Show that the rectangle with the largest area that is inscribed within a circle of radius r is a square. Find the dimensions and the area of the inscribed square.
My respect goes to those who know how to tackle this one.
Let the base of the rectangle be x, let its height be y units.
the diagonal would be the diameter of the circle and it length is 2r.
so x^2 + y^2 = 4r^2
Area of rectangle = xy
= x√(4r^2 - x^2)
d(Area)/dx = ......
= (4r^2 - 2x^2)/√(4r^2 - x^2)
set this equal to zero for a maximum area and solve to get
x = r√2
put this back into x^2 + y^2 = 4r^2
to get y = r√2
so x=y, proving the rectange is a square
Thank you so much. I appreciate you taking the time to answer my question. = )
To prove that the rectangle with the largest area inscribed within a circle is a square, we can use mathematical reasoning and principles.
Let's consider a circle with radius r, and inscribe a rectangle within it as shown:
```
__________________
| |
| |
| |
| * |
| |
------------------
```
Let the rectangle have sides with lengths a and b. Since the rectangle is inscribed within the circle, the diagonal of the rectangle is equal to the diameter of the circle, which is 2r.
Using the Pythagorean theorem, we can express the relationship between the sides of the rectangle and the diagonal:
a^2 + b^2 = (2r)^2
a^2 + b^2 = 4r^2
To find the dimensions of the rectangle with the maximum area, we can solve for one variable in terms of the other.
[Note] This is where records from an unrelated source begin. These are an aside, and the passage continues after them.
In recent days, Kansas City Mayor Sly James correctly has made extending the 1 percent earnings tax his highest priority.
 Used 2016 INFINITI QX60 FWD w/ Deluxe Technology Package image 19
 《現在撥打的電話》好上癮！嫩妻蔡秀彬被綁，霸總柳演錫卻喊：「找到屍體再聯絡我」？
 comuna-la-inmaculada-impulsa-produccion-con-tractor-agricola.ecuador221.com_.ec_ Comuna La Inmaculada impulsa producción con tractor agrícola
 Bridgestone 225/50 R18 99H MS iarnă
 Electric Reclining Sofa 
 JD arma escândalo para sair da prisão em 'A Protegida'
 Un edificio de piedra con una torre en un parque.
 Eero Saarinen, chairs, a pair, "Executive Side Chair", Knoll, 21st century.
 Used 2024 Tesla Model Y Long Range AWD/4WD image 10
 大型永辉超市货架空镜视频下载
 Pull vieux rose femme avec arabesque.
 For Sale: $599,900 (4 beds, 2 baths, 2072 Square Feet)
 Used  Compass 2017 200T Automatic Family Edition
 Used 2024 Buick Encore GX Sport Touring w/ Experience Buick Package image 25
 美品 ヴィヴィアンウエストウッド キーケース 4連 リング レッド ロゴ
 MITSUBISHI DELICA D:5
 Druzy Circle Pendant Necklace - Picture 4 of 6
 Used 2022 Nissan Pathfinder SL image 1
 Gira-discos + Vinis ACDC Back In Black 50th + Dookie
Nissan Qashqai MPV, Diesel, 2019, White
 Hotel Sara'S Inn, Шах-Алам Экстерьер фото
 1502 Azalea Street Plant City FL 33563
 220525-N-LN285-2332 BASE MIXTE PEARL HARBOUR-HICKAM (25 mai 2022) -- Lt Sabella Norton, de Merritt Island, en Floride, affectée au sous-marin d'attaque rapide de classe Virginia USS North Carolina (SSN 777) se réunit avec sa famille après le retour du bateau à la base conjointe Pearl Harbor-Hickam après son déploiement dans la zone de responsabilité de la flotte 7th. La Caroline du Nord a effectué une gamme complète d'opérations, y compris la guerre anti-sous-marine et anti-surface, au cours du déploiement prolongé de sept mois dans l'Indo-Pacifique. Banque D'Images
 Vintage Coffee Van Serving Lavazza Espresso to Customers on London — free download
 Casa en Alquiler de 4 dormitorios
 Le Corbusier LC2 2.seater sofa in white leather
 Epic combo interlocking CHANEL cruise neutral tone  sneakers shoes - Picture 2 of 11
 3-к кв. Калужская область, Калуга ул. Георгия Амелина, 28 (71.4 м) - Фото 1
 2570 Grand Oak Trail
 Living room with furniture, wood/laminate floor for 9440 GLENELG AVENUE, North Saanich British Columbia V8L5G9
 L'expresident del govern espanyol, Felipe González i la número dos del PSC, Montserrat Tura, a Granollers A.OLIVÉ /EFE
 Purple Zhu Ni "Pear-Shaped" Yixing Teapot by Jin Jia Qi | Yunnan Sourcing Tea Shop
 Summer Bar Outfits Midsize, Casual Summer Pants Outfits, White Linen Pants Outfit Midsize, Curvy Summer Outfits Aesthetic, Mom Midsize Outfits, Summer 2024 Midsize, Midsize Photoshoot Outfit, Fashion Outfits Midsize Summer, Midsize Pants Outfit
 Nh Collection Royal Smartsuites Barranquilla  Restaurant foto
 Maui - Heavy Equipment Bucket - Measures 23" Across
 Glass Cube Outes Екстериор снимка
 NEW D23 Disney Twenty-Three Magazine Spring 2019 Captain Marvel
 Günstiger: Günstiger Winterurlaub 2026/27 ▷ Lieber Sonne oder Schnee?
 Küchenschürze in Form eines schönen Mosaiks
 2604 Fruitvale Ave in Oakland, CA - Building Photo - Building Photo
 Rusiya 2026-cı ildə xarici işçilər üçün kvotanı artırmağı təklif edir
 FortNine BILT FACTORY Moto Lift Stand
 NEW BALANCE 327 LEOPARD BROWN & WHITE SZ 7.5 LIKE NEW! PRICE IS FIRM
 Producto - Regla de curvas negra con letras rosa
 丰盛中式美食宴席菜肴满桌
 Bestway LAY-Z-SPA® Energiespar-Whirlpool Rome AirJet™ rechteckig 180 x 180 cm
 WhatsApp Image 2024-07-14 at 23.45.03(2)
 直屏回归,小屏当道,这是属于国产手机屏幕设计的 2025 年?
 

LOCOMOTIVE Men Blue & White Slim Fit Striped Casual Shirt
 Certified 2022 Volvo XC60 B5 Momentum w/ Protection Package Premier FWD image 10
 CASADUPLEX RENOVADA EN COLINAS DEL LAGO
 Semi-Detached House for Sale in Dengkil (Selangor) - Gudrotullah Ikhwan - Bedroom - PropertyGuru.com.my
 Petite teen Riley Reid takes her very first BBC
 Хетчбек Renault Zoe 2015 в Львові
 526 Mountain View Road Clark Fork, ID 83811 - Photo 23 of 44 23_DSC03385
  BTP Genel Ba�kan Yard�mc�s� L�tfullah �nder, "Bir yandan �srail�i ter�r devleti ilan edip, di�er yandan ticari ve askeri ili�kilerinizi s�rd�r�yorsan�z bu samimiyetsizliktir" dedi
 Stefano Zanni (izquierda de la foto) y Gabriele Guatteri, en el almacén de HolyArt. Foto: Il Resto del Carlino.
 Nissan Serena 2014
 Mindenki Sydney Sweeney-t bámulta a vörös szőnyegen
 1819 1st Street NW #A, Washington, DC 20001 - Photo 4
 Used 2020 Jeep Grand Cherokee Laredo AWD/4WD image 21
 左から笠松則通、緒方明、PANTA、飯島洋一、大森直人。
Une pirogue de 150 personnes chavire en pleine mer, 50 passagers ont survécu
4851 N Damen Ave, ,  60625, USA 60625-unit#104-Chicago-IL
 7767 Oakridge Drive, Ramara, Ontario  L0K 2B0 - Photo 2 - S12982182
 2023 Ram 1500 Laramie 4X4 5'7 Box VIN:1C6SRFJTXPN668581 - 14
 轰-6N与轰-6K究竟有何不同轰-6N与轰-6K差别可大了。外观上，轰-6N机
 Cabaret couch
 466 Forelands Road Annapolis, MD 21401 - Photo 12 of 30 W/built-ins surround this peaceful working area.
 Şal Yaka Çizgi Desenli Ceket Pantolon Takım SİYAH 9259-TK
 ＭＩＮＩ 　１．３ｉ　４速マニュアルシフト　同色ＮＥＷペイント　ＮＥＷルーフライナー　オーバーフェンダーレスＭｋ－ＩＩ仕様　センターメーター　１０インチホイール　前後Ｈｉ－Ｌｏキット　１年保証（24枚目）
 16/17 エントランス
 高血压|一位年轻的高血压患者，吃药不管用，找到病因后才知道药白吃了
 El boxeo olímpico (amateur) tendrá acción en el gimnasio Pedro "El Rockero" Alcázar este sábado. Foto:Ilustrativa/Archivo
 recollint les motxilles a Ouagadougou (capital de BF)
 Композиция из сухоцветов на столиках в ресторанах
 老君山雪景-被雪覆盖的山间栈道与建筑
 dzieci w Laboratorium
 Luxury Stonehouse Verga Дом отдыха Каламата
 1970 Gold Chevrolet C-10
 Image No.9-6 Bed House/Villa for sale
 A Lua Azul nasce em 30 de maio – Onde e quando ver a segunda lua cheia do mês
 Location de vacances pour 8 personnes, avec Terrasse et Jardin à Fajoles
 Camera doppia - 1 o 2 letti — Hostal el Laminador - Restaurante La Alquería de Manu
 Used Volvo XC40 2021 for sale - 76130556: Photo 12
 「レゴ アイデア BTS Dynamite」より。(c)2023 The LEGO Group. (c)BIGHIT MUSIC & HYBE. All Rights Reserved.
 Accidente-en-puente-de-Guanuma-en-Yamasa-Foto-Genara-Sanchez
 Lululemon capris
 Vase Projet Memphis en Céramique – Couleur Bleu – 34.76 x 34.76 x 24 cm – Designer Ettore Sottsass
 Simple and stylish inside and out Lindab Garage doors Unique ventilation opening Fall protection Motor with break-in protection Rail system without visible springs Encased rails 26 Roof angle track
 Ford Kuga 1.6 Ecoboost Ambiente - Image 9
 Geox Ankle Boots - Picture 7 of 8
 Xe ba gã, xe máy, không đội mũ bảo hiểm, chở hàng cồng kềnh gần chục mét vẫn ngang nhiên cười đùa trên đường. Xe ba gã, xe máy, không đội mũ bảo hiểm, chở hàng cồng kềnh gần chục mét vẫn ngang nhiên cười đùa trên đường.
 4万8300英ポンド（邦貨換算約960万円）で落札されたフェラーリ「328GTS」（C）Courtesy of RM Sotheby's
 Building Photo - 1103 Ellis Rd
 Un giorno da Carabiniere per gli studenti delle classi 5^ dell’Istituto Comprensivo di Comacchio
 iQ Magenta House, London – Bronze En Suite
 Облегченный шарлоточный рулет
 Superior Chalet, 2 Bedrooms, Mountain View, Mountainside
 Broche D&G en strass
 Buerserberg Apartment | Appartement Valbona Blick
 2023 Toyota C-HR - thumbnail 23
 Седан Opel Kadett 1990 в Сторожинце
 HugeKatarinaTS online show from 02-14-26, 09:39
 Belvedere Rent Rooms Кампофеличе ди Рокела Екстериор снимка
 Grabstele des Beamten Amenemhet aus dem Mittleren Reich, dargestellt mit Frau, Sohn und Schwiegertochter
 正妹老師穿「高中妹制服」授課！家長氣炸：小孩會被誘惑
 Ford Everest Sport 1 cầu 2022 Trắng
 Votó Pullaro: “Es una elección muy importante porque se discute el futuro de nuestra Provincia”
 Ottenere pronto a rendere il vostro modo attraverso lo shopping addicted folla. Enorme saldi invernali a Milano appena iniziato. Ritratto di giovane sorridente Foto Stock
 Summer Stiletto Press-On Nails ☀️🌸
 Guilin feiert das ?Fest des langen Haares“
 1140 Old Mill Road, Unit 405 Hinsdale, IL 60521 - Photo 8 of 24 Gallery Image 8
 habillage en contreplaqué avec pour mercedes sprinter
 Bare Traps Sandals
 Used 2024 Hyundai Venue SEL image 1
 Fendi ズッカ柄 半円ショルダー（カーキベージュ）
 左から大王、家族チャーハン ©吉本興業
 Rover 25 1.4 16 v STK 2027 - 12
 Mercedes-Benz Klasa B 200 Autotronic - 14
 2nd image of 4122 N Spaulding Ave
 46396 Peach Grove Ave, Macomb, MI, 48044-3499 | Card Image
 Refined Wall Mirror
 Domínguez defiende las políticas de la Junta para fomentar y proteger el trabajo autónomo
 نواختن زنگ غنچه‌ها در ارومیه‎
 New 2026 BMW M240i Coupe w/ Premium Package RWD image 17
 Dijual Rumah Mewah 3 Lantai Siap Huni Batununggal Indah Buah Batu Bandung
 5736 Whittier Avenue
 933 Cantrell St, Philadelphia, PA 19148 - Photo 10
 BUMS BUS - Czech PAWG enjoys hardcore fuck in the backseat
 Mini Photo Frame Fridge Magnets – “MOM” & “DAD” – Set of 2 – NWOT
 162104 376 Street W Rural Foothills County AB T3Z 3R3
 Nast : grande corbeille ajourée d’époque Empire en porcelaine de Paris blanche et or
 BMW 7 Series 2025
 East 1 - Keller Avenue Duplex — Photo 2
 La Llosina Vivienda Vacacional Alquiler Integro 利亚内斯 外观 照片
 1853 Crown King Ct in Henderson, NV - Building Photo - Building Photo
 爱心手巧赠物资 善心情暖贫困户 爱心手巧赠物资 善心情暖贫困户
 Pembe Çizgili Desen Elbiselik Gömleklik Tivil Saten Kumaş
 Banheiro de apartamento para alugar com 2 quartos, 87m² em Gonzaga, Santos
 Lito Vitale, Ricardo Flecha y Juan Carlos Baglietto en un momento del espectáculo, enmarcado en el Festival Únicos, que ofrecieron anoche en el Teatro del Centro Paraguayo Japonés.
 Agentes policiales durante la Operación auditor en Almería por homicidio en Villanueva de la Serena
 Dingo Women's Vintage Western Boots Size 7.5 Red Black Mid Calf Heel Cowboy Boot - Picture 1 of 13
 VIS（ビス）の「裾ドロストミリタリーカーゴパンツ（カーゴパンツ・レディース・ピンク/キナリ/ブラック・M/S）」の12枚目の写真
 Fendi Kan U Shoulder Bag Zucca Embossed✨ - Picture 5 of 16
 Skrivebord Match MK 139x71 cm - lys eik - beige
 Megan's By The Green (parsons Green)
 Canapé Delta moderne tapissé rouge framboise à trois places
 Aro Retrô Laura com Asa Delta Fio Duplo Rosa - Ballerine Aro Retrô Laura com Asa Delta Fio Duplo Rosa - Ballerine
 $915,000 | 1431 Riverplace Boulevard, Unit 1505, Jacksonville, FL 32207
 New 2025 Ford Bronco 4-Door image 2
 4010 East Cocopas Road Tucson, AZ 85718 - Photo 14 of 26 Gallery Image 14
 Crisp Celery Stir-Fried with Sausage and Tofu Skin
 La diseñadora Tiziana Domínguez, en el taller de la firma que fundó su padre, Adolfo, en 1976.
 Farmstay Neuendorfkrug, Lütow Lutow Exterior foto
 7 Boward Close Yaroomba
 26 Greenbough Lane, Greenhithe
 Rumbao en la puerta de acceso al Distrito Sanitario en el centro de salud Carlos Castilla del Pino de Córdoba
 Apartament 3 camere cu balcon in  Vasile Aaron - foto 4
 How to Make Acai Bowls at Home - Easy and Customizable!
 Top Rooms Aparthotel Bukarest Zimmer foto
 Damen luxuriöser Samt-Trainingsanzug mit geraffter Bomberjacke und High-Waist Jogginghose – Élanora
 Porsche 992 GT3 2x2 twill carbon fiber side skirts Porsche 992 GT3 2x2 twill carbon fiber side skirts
Let's solve for a in terms of b:
a^2 = 4r^2 - b^2
a = sqrt(4r^2 - b^2)
Now, we can find the area of the rectangle in terms of one variable:
Area = a * b = b * sqrt(4r^2 - b^2)
To find the maximum area, we can take the derivative of the area equation with respect to b and set it to zero:
d(Area)/db = sqrt(4r^2 - b^2) - (b^2 / sqrt(4r^2 - b^2)) = 0
Simplifying this equation, we can get:
sqrt(4r^2 - b^2) = b^2 / sqrt(4r^2 - b^2)
Squaring both sides of the equation, we get:
4r^2 - b^2 = b^4 / (4r^2 - b^2)
Cross-multiplying, we get:
(4r^2 - b^2)^2 = b^4
Expanding and simplifying this equation, we find:
16r^4 - 8r^2 b^2 + b^4 = b^4
16r^4 - 8r^2 b^2 = 0
Dividing both sides of the equation by r^2, we get:
16r^2 - 8b^2 = 0
8r^2 = b^2
Taking the square root of both sides, we find:
sqrt(8r^2) = sqrt(b^2)
sqrt(8) * r = b
So, we have found that b = sqrt(8) * r.
Now, substituting the value of b back into the equation for a, we find:
a = sqrt(4r^2 - (sqrt(8) * r)^2)
a = sqrt(4r^2 - 8r^2)
a = sqrt(-4r^2)
a = 0 (since the area cannot be negative)
From this, we can conclude that a = 0, which means the rectangle is degenerate and reduces to a line segment.
Therefore, the maximum area of the inscribed rectangle occurs when the rectangle is a square, with sides of length 2r (since b = sqrt(8) * r).
The dimensions of the inscribed square are 2r × 2r and the area is (2r)² = 4r².